(Beginning of Data)

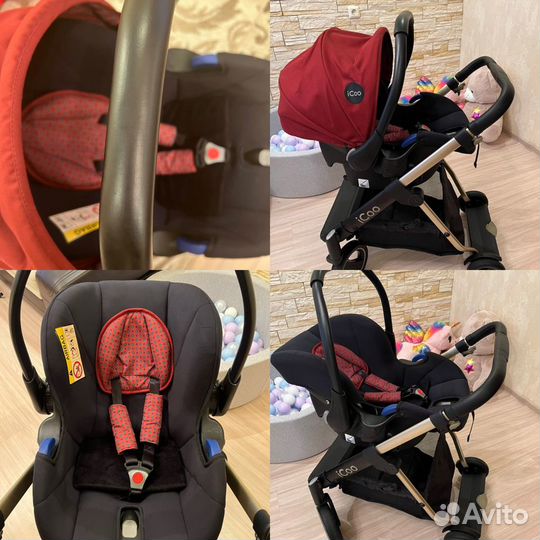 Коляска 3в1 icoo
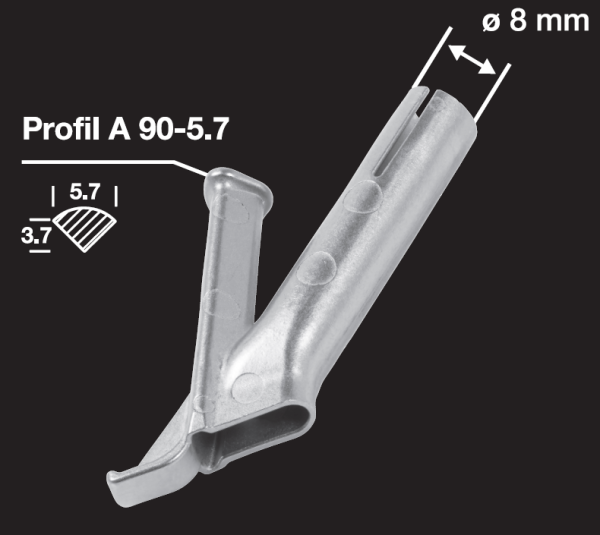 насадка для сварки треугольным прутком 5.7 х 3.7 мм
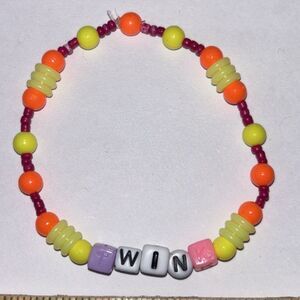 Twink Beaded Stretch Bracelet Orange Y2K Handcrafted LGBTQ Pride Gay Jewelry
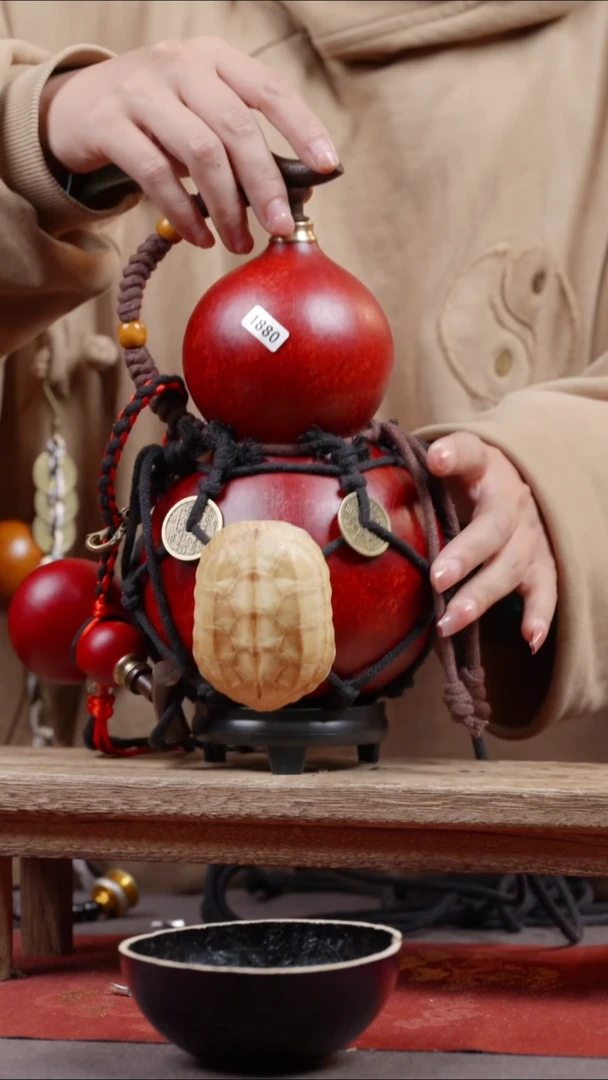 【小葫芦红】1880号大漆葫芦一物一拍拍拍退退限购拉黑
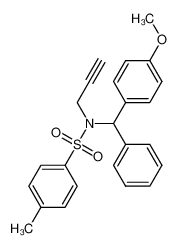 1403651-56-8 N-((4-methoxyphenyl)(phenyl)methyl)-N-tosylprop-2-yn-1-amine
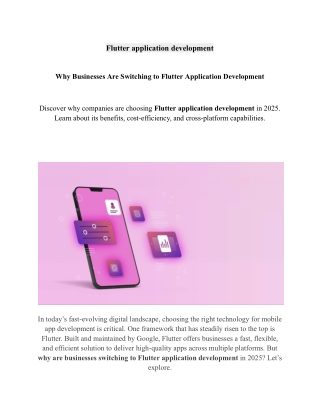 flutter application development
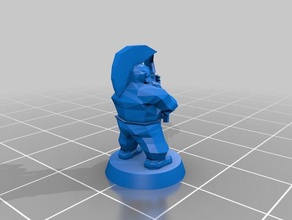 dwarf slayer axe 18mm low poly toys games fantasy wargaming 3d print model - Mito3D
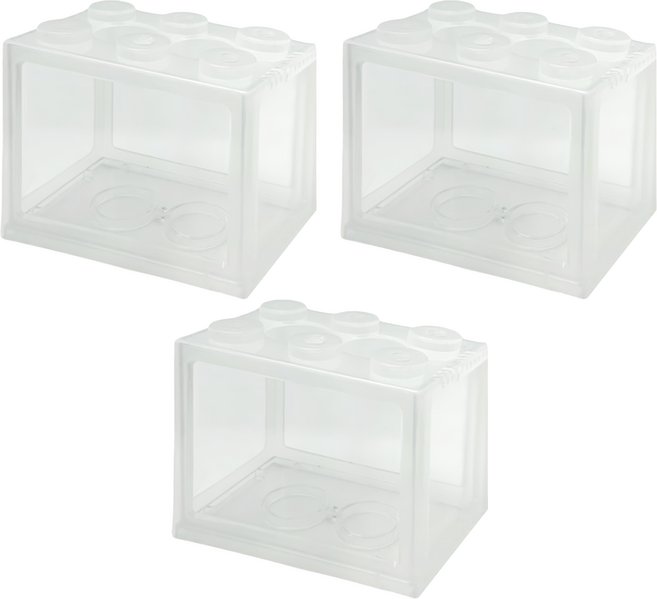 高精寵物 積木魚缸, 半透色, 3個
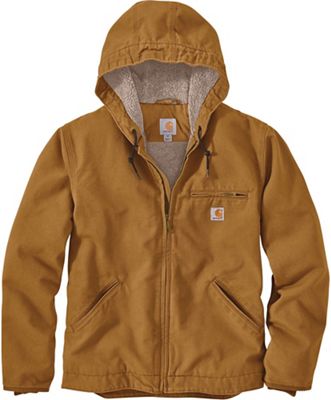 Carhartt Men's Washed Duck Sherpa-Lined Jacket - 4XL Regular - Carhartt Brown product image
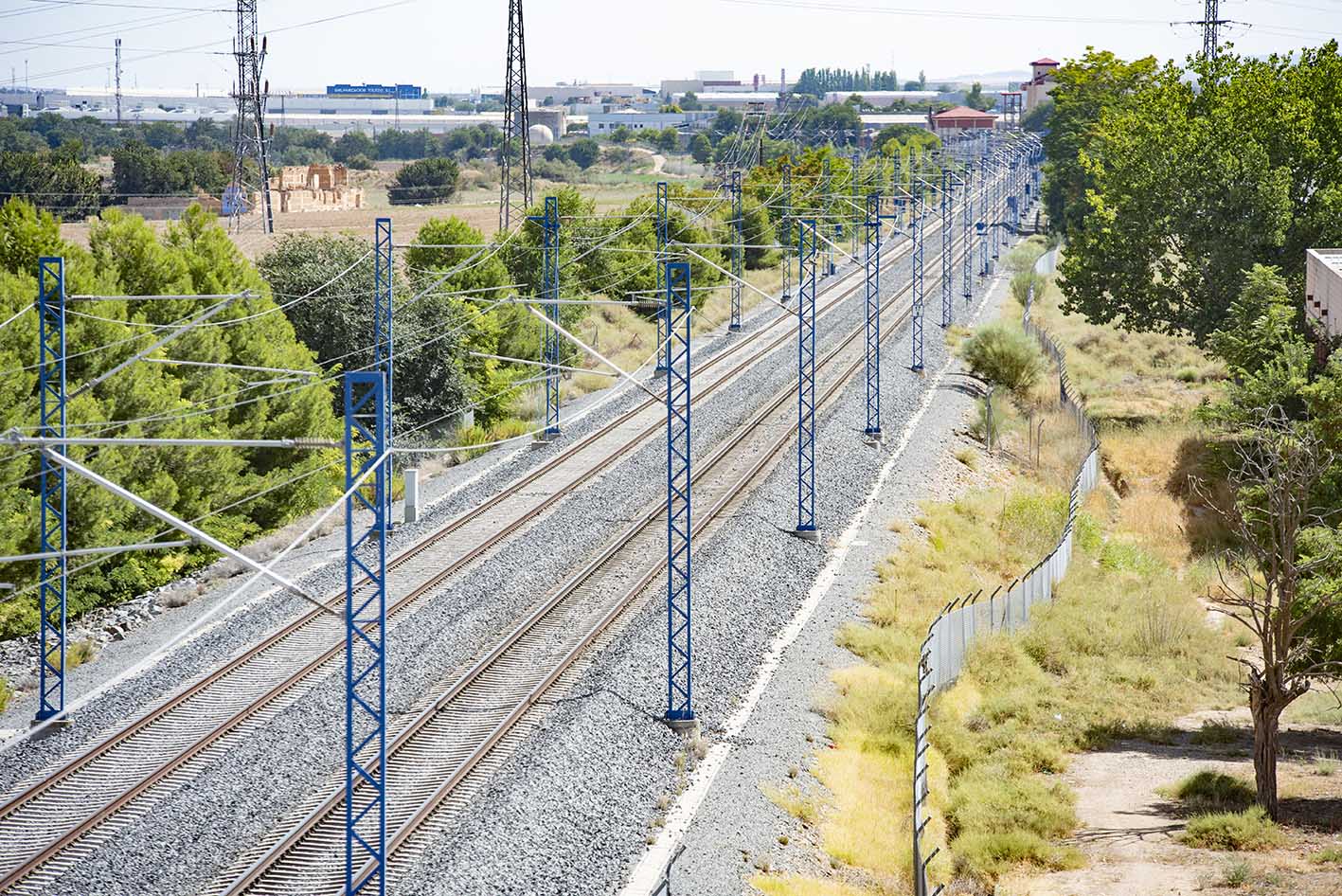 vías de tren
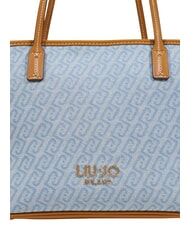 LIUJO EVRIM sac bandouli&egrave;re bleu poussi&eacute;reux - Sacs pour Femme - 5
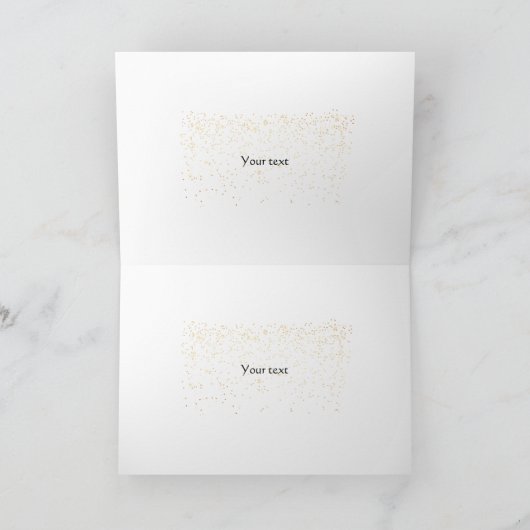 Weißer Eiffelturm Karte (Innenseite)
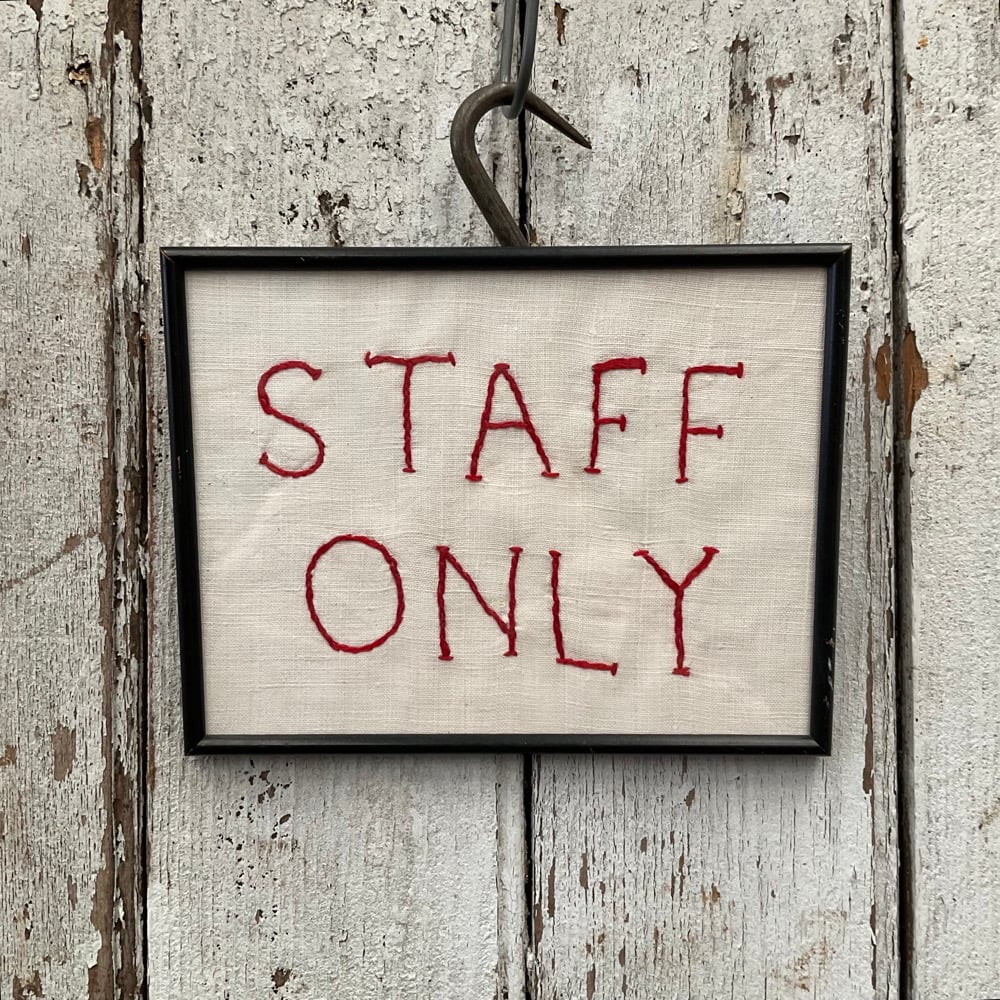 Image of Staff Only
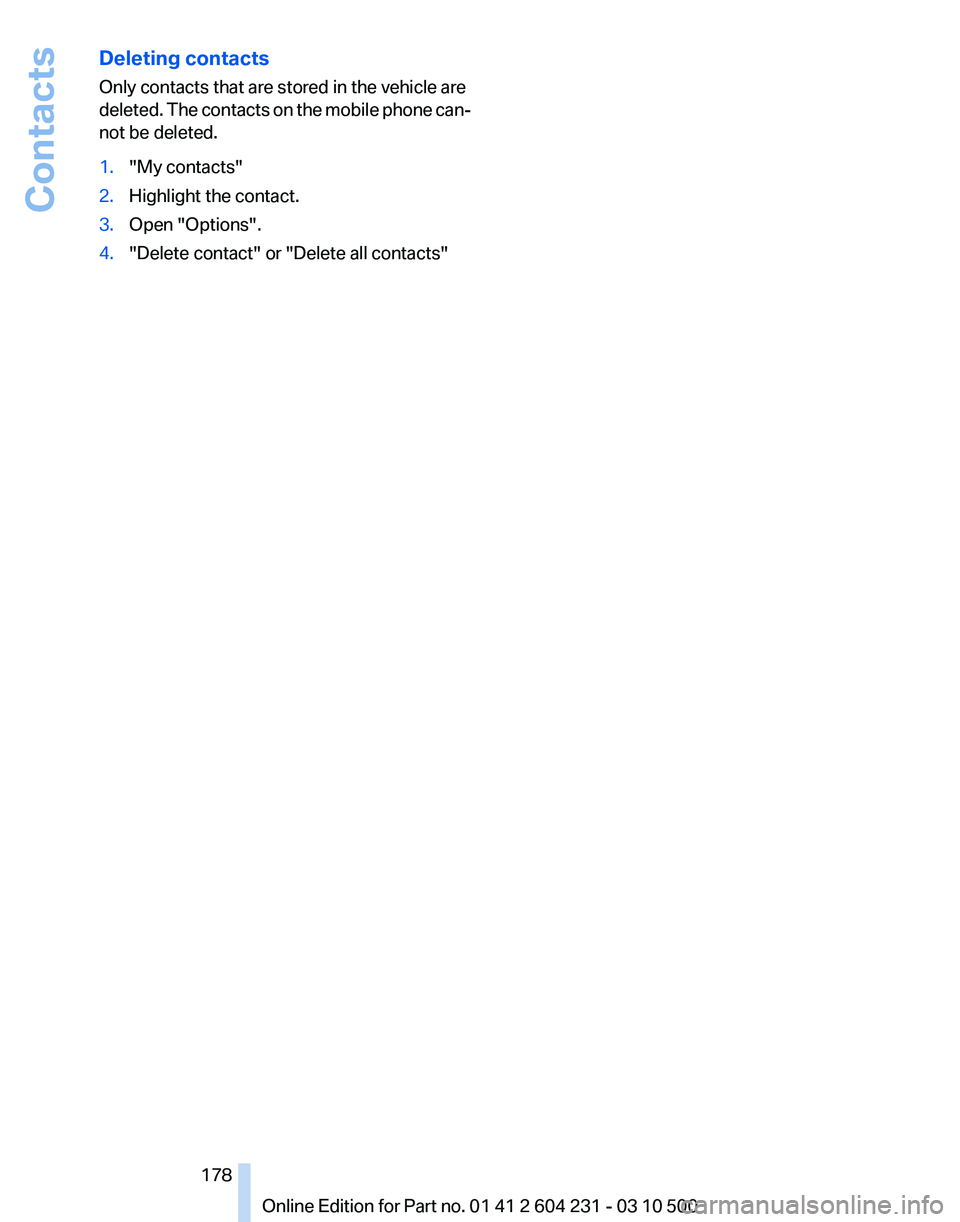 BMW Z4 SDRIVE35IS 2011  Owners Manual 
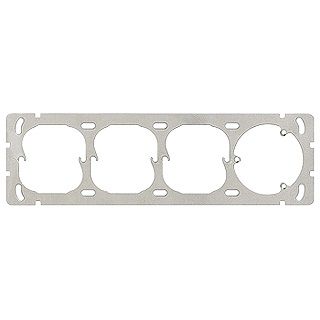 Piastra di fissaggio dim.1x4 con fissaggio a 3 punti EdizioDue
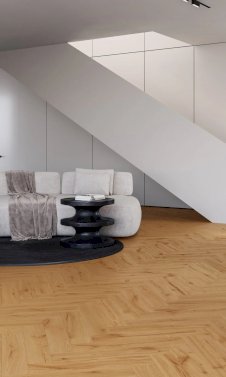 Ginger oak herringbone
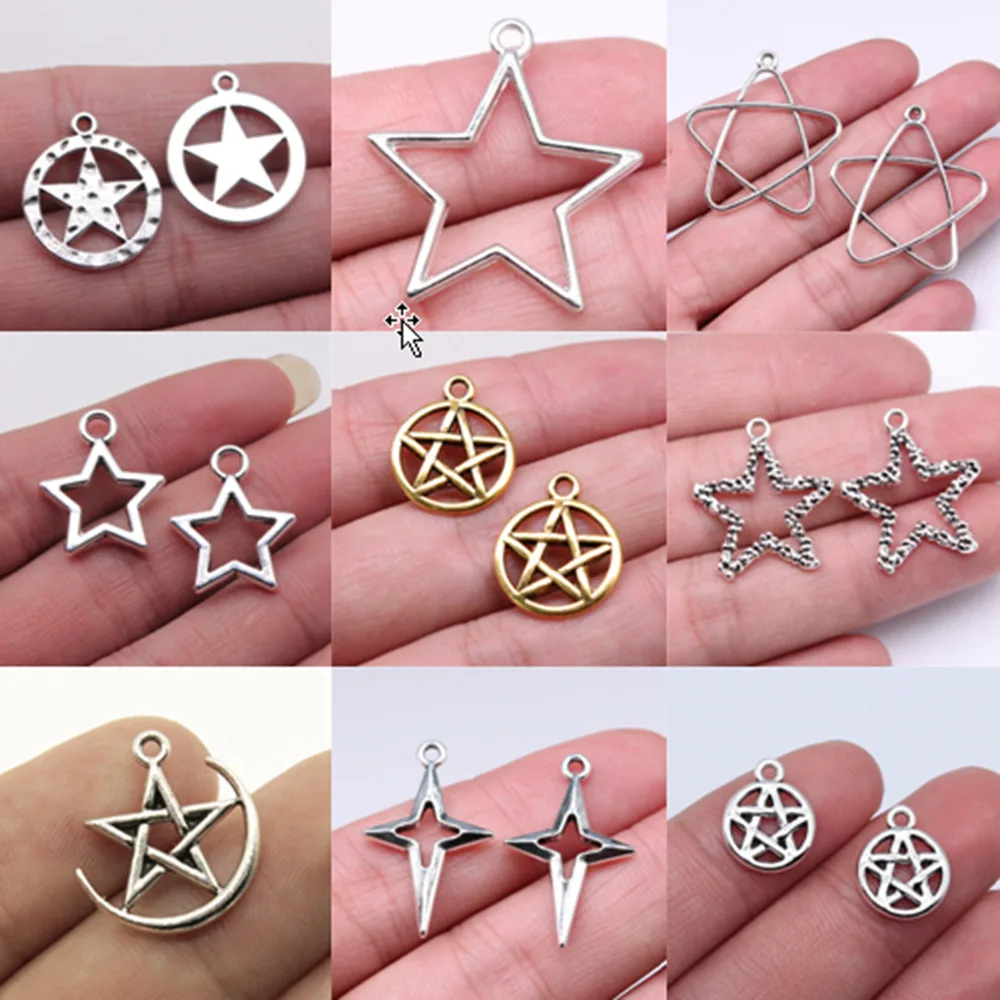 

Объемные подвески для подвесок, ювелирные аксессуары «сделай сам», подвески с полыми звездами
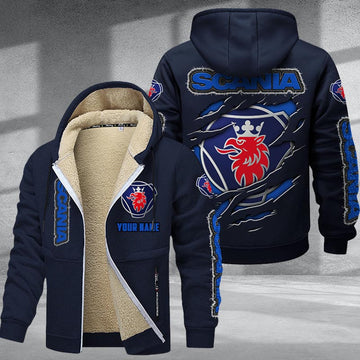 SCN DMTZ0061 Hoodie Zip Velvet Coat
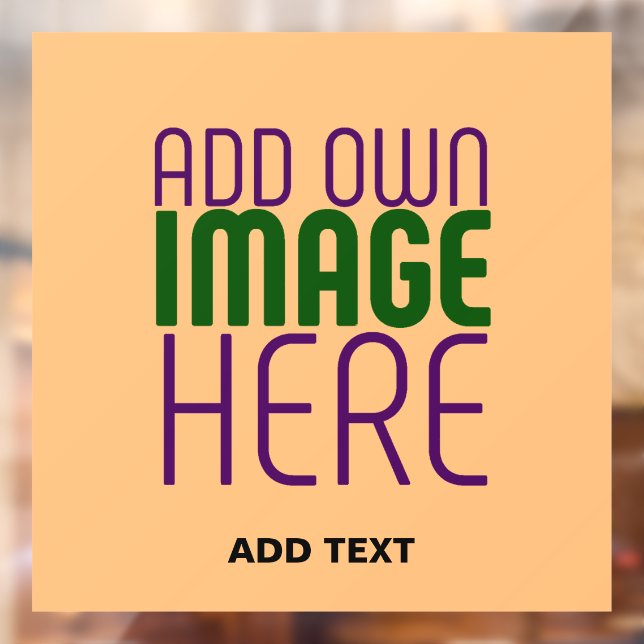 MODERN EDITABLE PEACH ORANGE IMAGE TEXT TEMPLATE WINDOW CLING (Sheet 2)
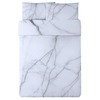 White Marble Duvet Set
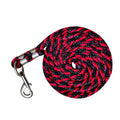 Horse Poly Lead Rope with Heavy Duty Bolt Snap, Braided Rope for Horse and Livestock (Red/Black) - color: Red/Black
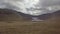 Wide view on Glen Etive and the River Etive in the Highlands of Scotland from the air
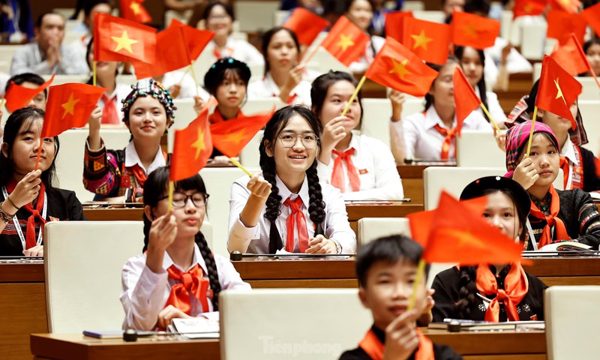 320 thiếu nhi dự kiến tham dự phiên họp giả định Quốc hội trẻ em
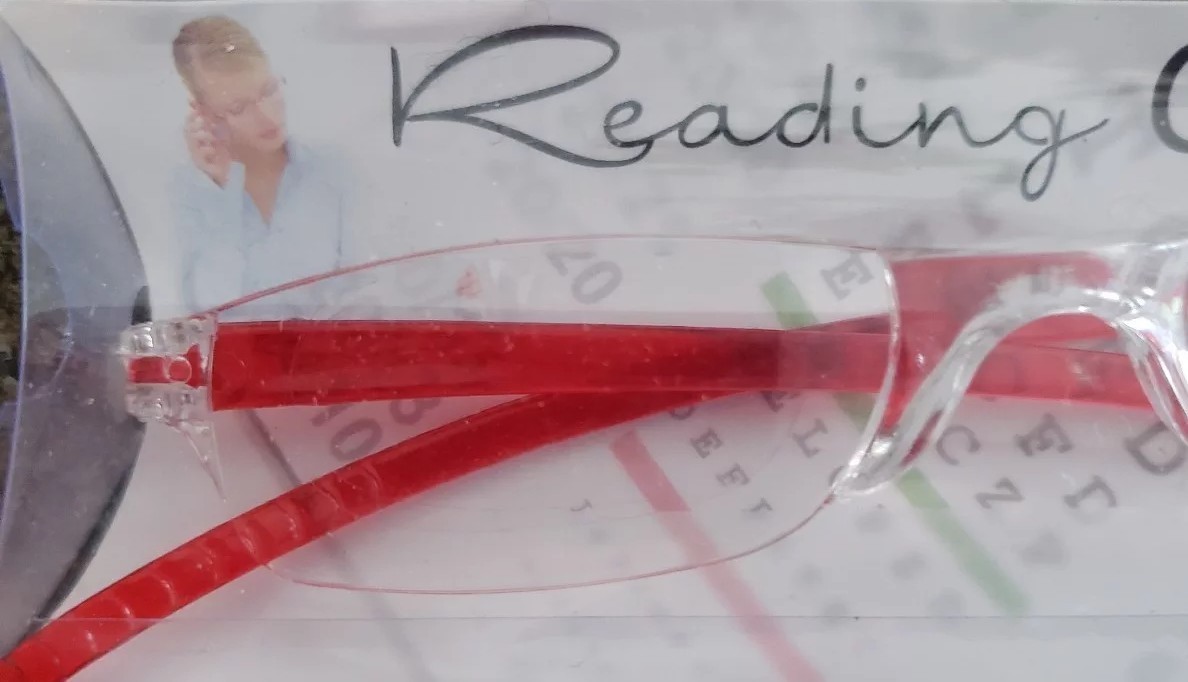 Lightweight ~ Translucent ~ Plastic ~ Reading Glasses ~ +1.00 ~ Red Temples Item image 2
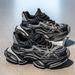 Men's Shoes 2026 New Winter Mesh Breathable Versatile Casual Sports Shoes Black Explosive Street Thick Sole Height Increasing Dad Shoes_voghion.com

(End of Data)

◆ What the task requires ◆
Return all the lines above exactly; none of the pictures should appear.

◆ Problem solution ◆
 Коляска 3в1 icoo
 насадка для сварки треугольным прутком 5.7 х 3.7 мм
 Twink Beaded Stretch Bracelet Orange Y2K Handcrafted LGBTQ Pride Gay Jewelry
 【小葫芦红】1880号大漆葫芦一物一拍拍拍退退限购拉黑
 1403651-56-8 N-((4-methoxyphenyl)(phenyl)methyl)-N-tosylprop-2-yn-1-amine
 flutter application development
 dwarf slayer axe 18mm low poly toys games fantasy wargaming 3d print model - Mito3D
 高精寵物 積木魚缸, 半透色, 3個
 Carhartt Men's Washed Duck Sherpa-Lined Jacket - 4XL Regular - Carhartt Brown product image
 vías de tren
 LIUJO EVRIM sac bandouli&egrave;re bleu poussi&eacute;reux - Sacs pour Femme - 5
 Weißer Eiffelturm Karte (Innenseite)
 Image of Staff Only
 BMW Z4 SDRIVE35IS 2011  Owners Manual 
 Piastra di fissaggio dim.1x4 con fissaggio a 3 punti EdizioDue
 Ginger oak herringbone

Объемные подвески для подвесок, ювелирные аксессуары «сделай сам», подвески с полыми звездами
 SCN DMTZ0061 Hoodie Zip Velvet Coat
 MODERN EDITABLE PEACH ORANGE IMAGE TEXT TEMPLATE WINDOW CLING (Sheet 2)
 White Marble Duvet Set
 Horse Poly Lead Rope with Heavy Duty Bolt Snap, Braided Rope for Horse and Livestock (Red/Black) - color: Red/Black
 Wide view on Glen Etive and the River Etive in the Highlands of Scotland from the air
 320 thiếu nhi dự kiến tham dự phiên họp giả định Quốc hội trẻ em
 Lightweight ~ Translucent ~ Plastic ~ Reading Glasses ~ +1.00 ~ Red Temples Item image 2
 Men's Shoes 2026 New Winter Mesh Breathable Versatile Casual Sports Shoes Black Explosive Street Thick Sole Height Increasing Dad Shoes_voghion.com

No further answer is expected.